Licensing and Physician Mental Health: Recommendations

A number of factors appear to discourage physicians from seeking help for emotional distress. Their reluctance may be exacerbated by fears - well-founded or imagined - that by seeking help, a physician will jeopardize his medical license. To address this situation key representatives from organizations including the Federation of State Medical Boards (FSMB), Federation of State Physician Health Programs (FSPHP), AMA, APA, and Joint Commission, undertook an examination of the licensing applications, policies, and procedures of state medical boards with regard to physician mental health. Based on their findings they made the following eight recommendations.


  • State Medical Boards as well as hospitals and physician groups should have non-punitive and non-threatening mechanisms for identifying physicians with depression and other mood disorders.
  • State Medical Board applications should ask if physicians have any physical or mental condition (including alcohol or drug abuse) that is limiting, impairing, or may be likely to limit or impair the ability of the physicians to practice their profession. If physicians answer yes, then questions as to whether the limitations or impairments are being addressed by treatment are, and will be perceived, as appropriate.

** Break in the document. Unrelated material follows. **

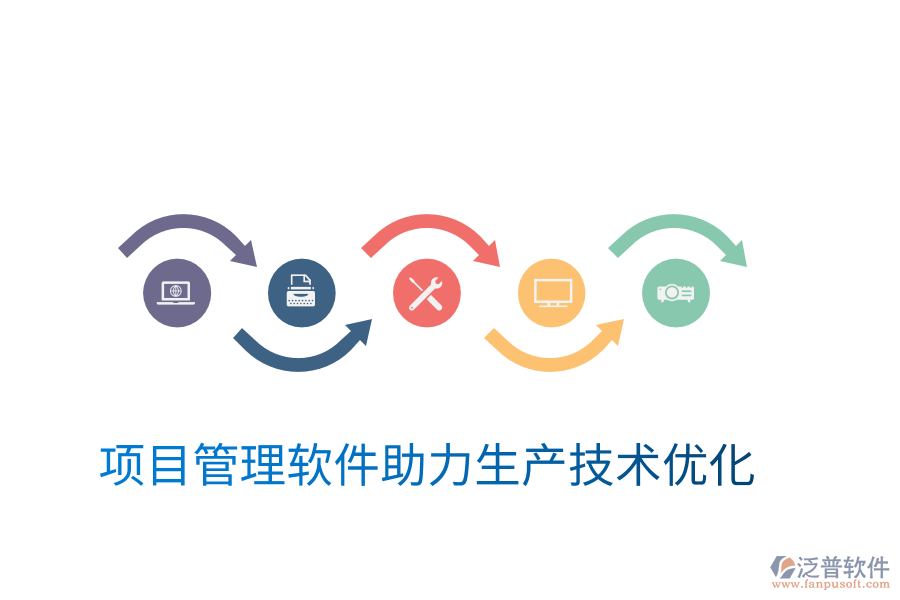 項(xiàng)目管理軟件助力生產(chǎn)技術(shù)優(yōu)化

  • State Medical Boards and those who appoint their members should have a psychiatrist on the Board to assist in resolving licensing issues involving psychiatric conditions.
  • If psychiatric evaluations are indicated for physicians who are possibly impaired, independent psychiatric evaluators could be appointed who can review any treating psychiatrist’s information rather than having the members of the Board do so. Although the evaluator should have access to all information needed, personal details unrelated to the physician’s ability to function as a physician need not be communicated to the board.
  • State Physician Health Programs that are not already addressing the unique needs of physicians with mental health problems, such as depression are encouraged to do so.
  • FSPHP should encourage County and State Medical Societies to introduce anonymous, self-evaluation screening on the internet for depression for physicians, recommending that they seek treatment if it is indicated. Hospitals and medical groups should be encouraged to do the same. The Joint Commission should be encouraged to determine how such screening could be made part of the accreditation process.
  • FSMB and FSPHP should work together to develop and recommend to their members policies and procedures that would encourage physicians with depressive disorders to seek help to prevent impairment from developing.
  • State and CountyMedical Societies should have liaison committees with State Medical Boards that would produce information about what actually happens at Board meetings. This would help reduce misunderstanding that exists among physicians about how Boards operate and permit them to address jointly procedures that arouse concern.